| REQUIRED WORK |
Going line by line through the records below, write out everything starting with the line containing "Toyota Corolla Hybrid" and going on through the line containing "13 / 22b Kirkwood", exactly and inclusively. Pictures do not go in.

| SOURCE MATERIAL |
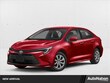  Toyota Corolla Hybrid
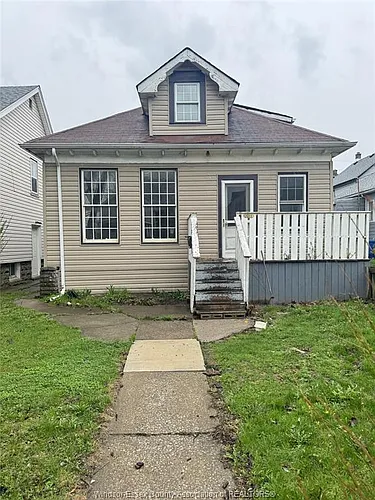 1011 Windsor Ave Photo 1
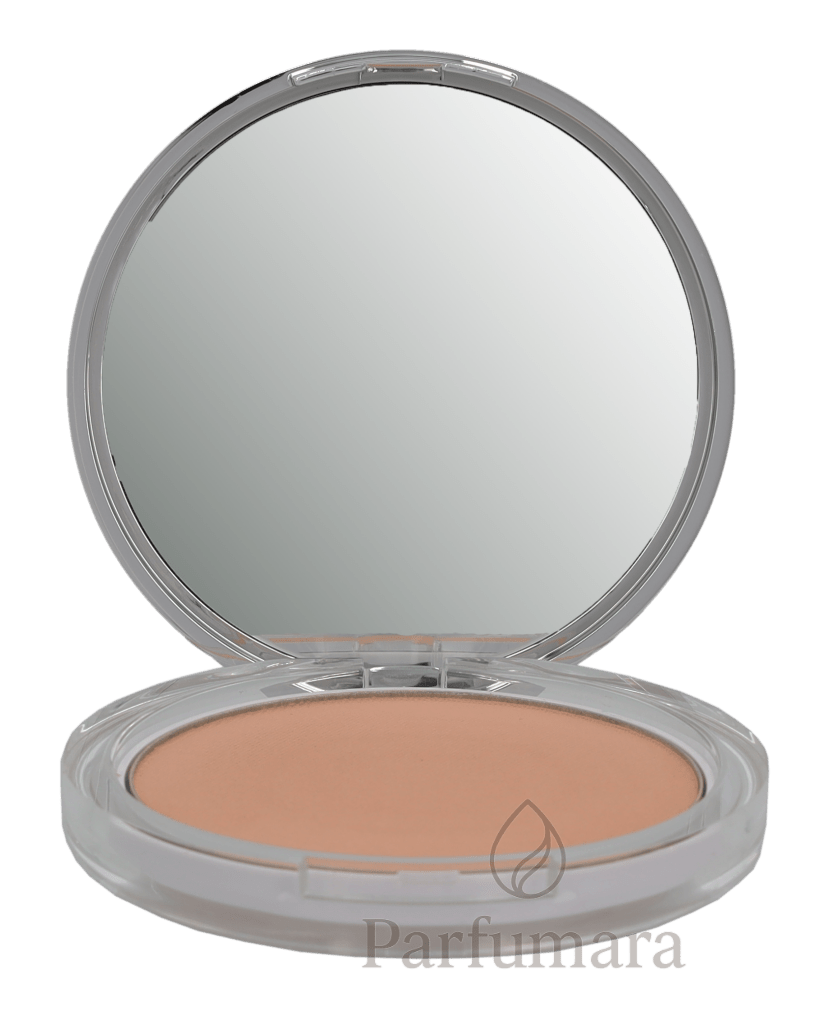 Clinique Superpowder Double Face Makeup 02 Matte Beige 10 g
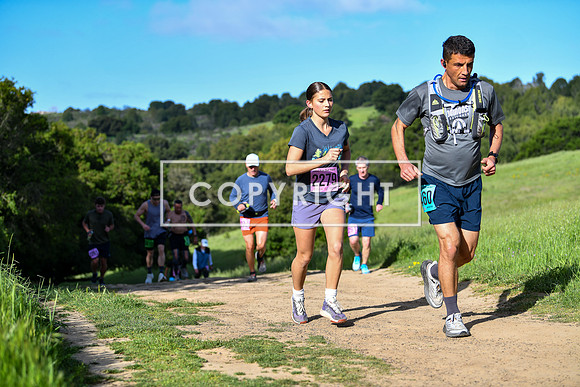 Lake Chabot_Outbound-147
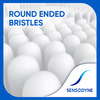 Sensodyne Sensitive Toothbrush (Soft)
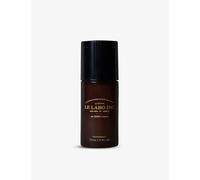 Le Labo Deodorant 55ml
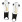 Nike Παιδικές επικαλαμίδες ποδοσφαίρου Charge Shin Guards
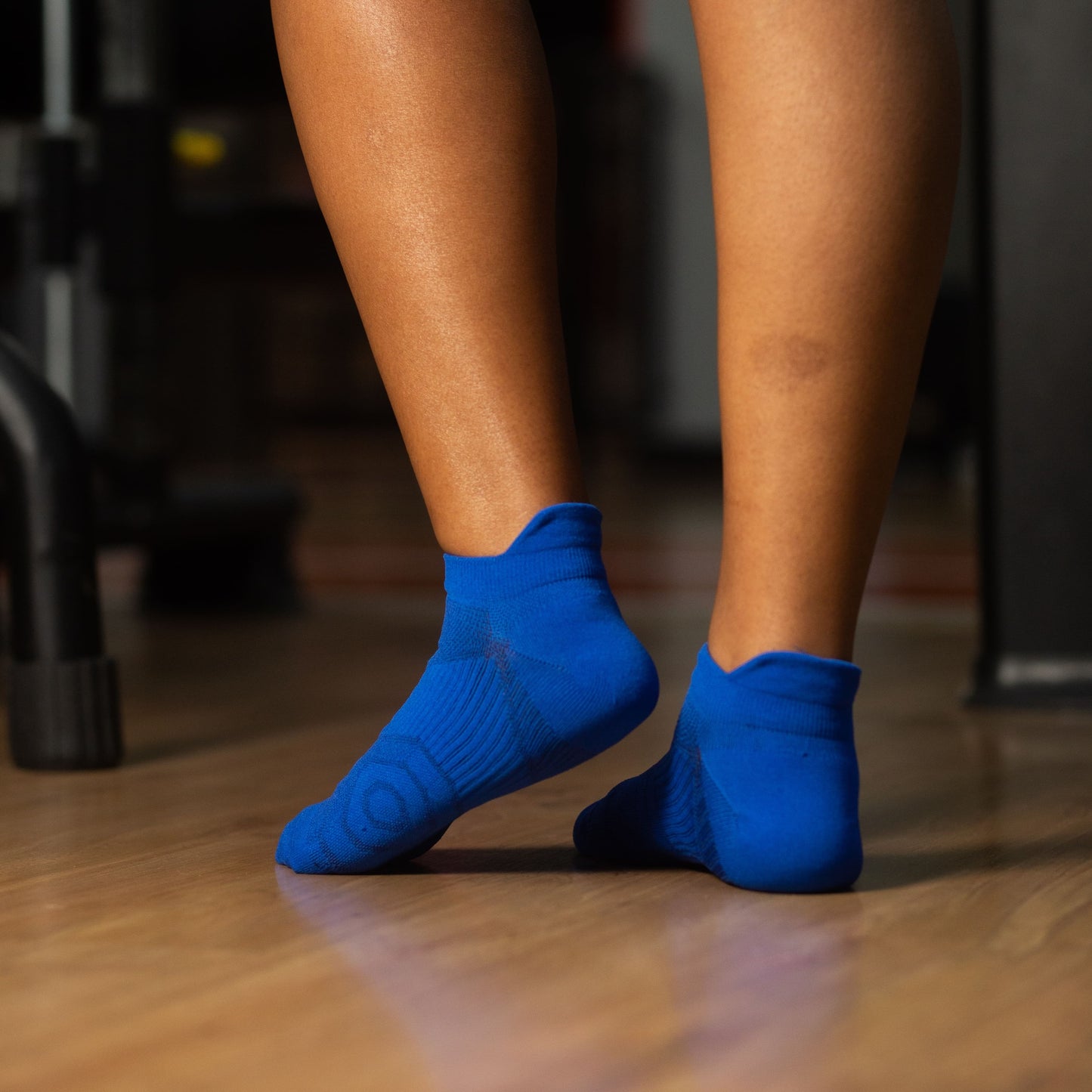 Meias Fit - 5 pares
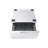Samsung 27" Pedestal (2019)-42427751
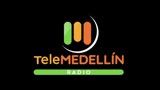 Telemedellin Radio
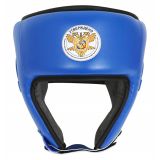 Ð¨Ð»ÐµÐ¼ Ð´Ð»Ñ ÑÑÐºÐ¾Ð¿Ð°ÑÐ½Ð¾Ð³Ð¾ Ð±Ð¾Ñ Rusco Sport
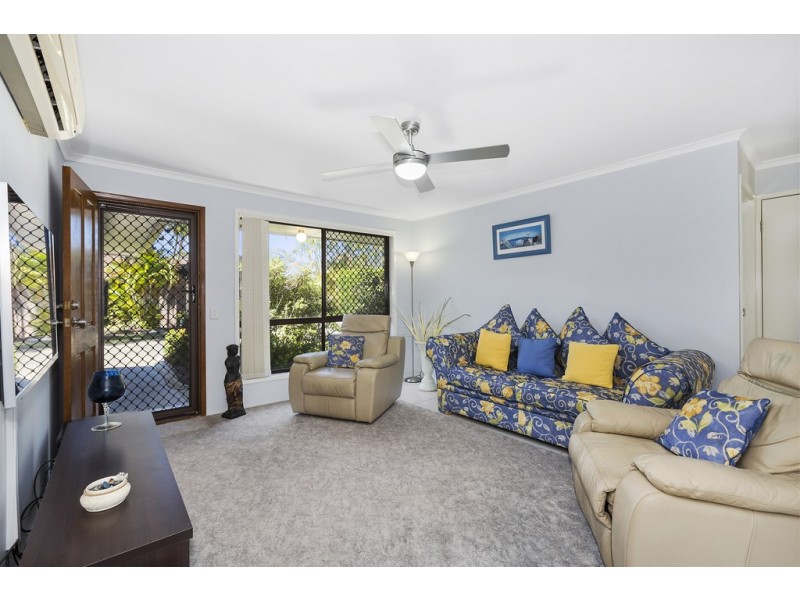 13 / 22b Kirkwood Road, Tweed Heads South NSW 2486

* * *

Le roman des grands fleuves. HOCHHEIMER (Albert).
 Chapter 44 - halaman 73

| ANSWER SECTION |
  Toyota Corolla Hybrid
 1011 Windsor Ave Photo 1
 Clinique Superpowder Double Face Makeup 02 Matte Beige 10 g
 Lake Chabot_Outbound-147
 Sensodyne Sensitive Toothbrush (Soft)
 Le Labo Deodorant 55ml
 Nike Παιδικές επικαλαμίδες ποδοσφαίρου Charge Shin Guards
 Meias Fit - 5 pares
Samsung 27" Pedestal (2019)-42427751
 Telemedellin Radio
 Ð¨Ð»ÐµÐ¼ Ð´Ð»Ñ ÑÑÐºÐ¾Ð¿Ð°ÑÐ½Ð¾Ð³Ð¾ Ð±Ð¾Ñ Rusco Sport
 13 / 22b Kirkwood Road, Tweed Heads South NSW 2486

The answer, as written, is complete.